***** EXCERPTED RECORDS

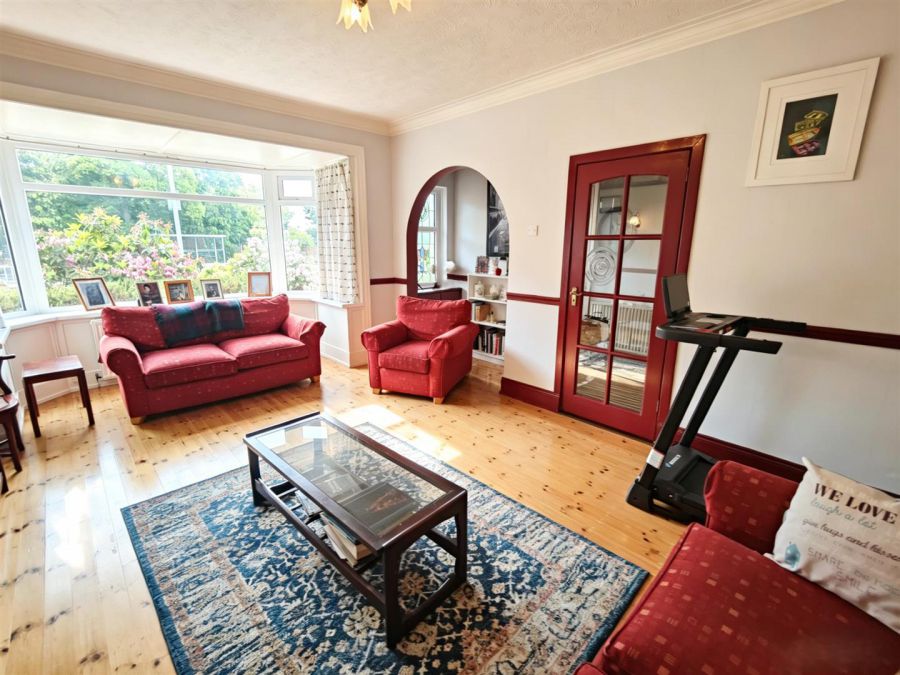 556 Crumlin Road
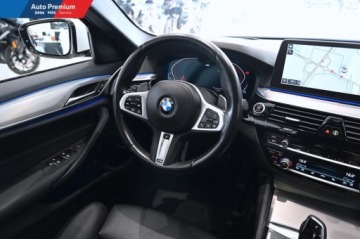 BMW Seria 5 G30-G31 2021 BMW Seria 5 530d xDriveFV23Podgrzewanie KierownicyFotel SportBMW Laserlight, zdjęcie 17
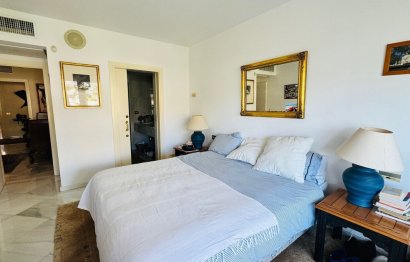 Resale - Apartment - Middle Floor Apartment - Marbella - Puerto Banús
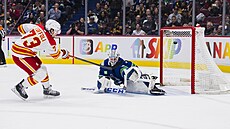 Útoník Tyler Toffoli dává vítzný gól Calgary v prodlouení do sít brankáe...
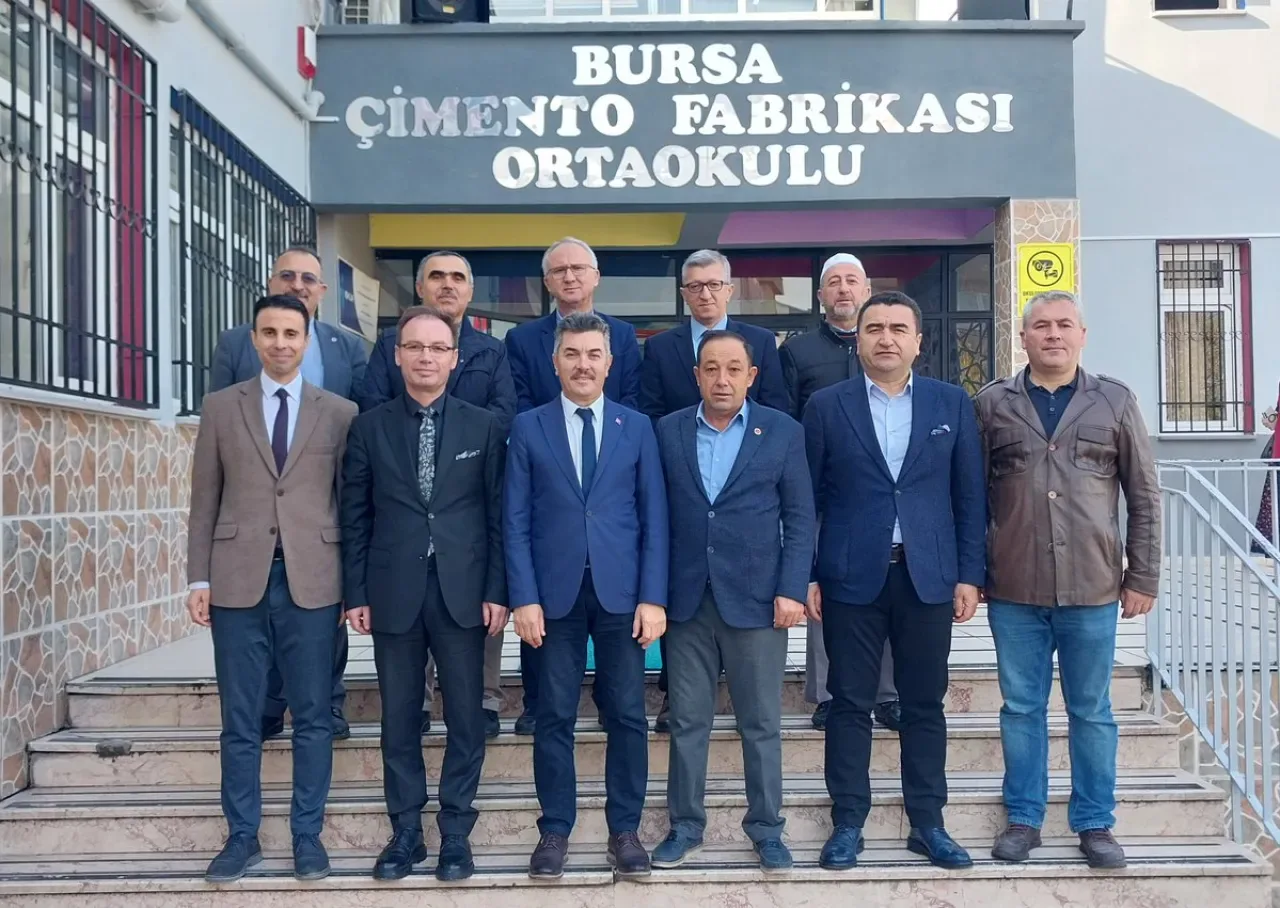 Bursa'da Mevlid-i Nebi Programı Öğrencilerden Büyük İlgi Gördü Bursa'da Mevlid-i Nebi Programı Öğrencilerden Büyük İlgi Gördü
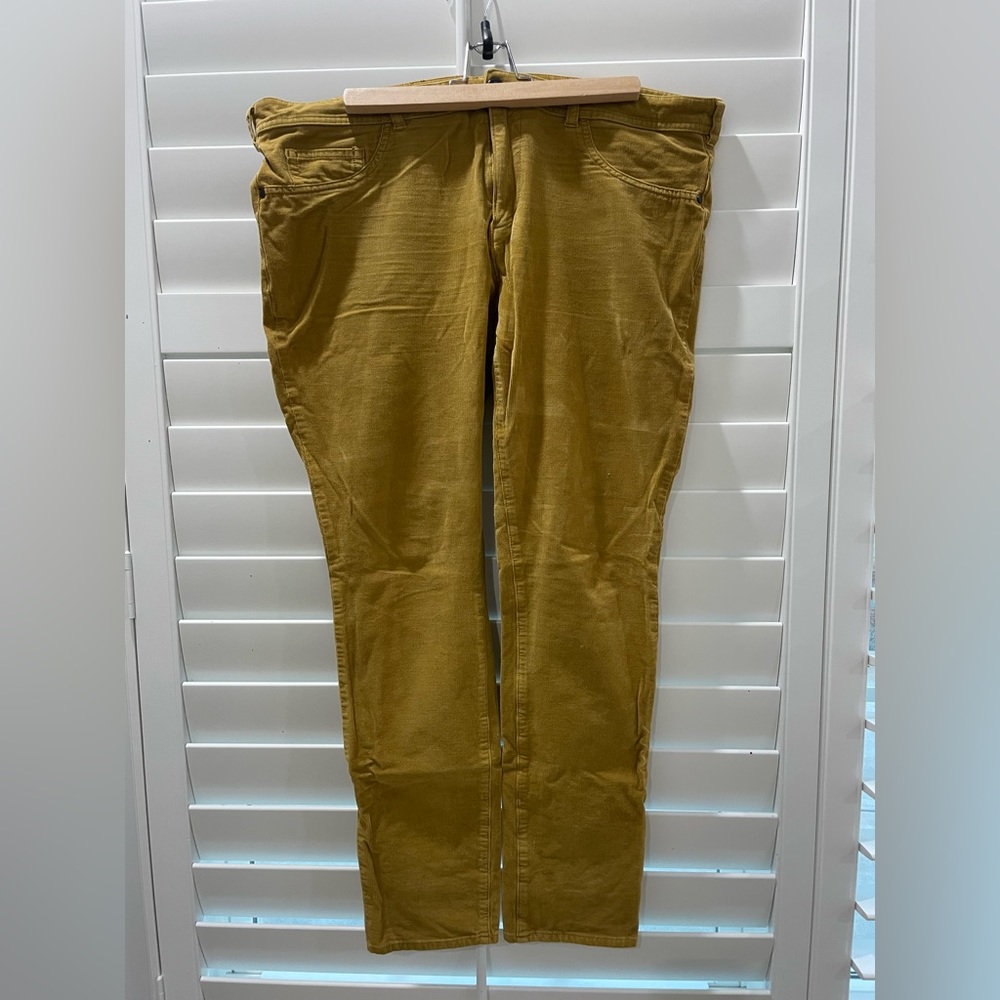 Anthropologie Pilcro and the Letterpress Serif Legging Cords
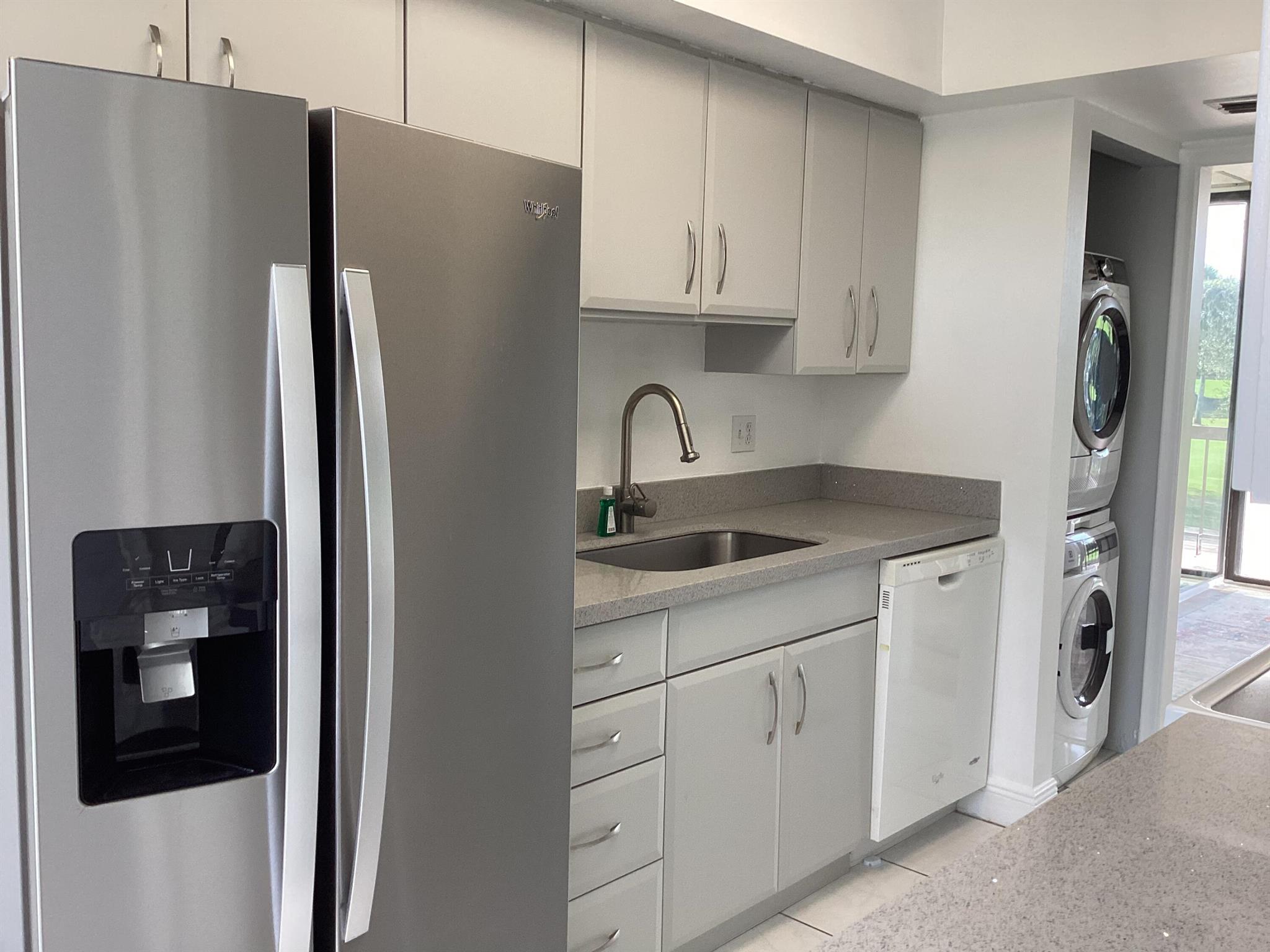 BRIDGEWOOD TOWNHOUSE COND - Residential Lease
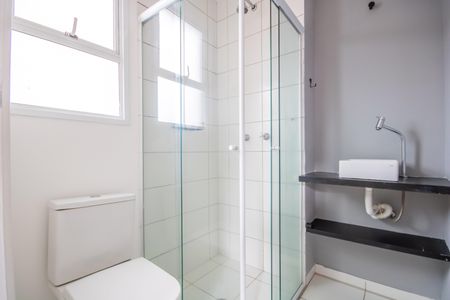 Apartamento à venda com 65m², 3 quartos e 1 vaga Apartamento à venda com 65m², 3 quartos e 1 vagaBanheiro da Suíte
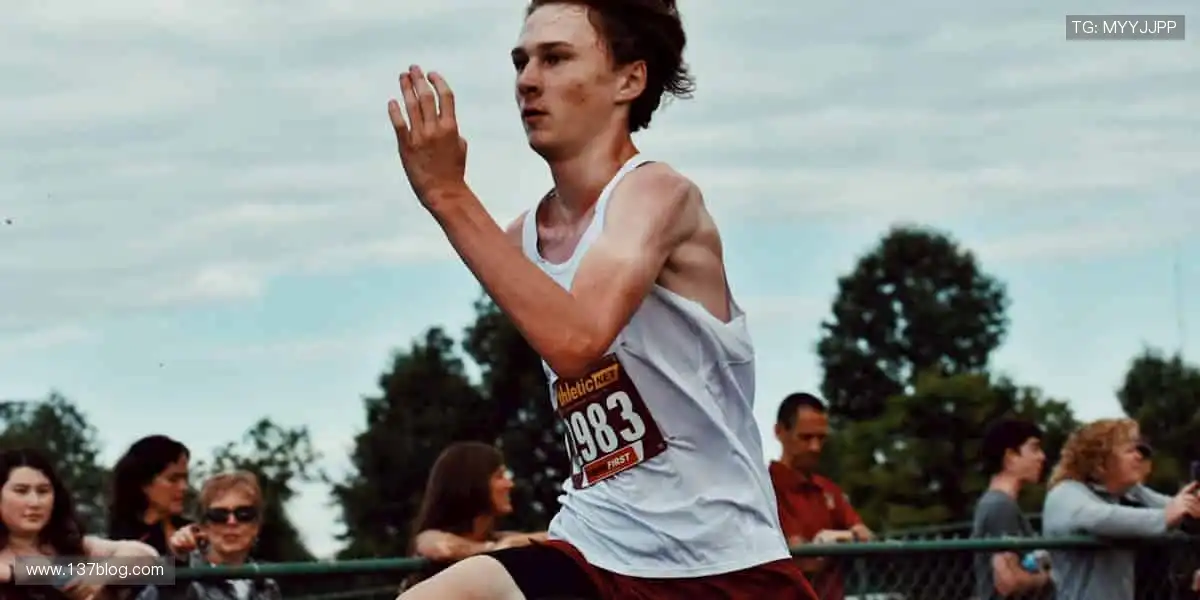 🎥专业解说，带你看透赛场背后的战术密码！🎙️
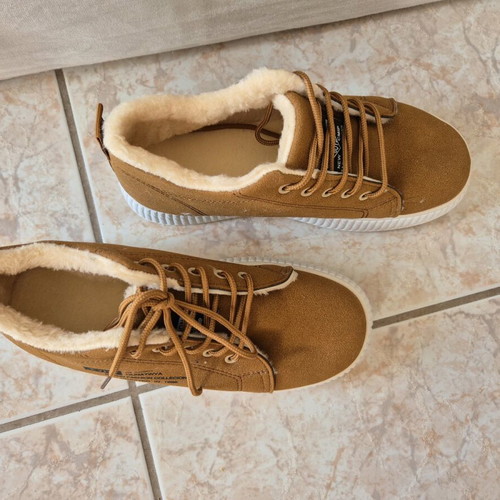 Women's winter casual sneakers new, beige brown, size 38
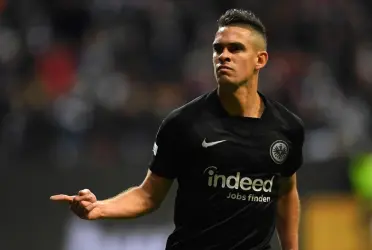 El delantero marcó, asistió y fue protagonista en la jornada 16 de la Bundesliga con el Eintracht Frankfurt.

**********

YOUR GOAL » Please write out exactly the lines starting at the one that contains "Útoník Tyler Toffoli" and ending with the final line of the entries, both ends included. Do not write out any pictures.

RESULT »
 Útoník Tyler Toffoli dává vítzný gól Calgary v prodlouení do sít brankáe...
 Bursa'da Mevlid-i Nebi Programı Öğrencilerden Büyük İlgi Gördü Bursa'da Mevlid-i Nebi Programı Öğrencilerden Büyük İlgi Gördü
 Anthropologie Pilcro and the Letterpress Serif Legging Cords
 BRIDGEWOOD TOWNHOUSE COND - Residential Lease
 Apartamento à venda com 65m², 3 quartos e 1 vaga Apartamento à venda com 65m², 3 quartos e 1 vagaBanheiro da Suíte
 🎥专业解说，带你看透赛场背后的战术密码！🎙️
 Women's winter casual sneakers new, beige brown, size 38
 El delantero marcó, asistió y fue protagonista en la jornada 16 de la Bundesliga con el Eintracht Frankfurt.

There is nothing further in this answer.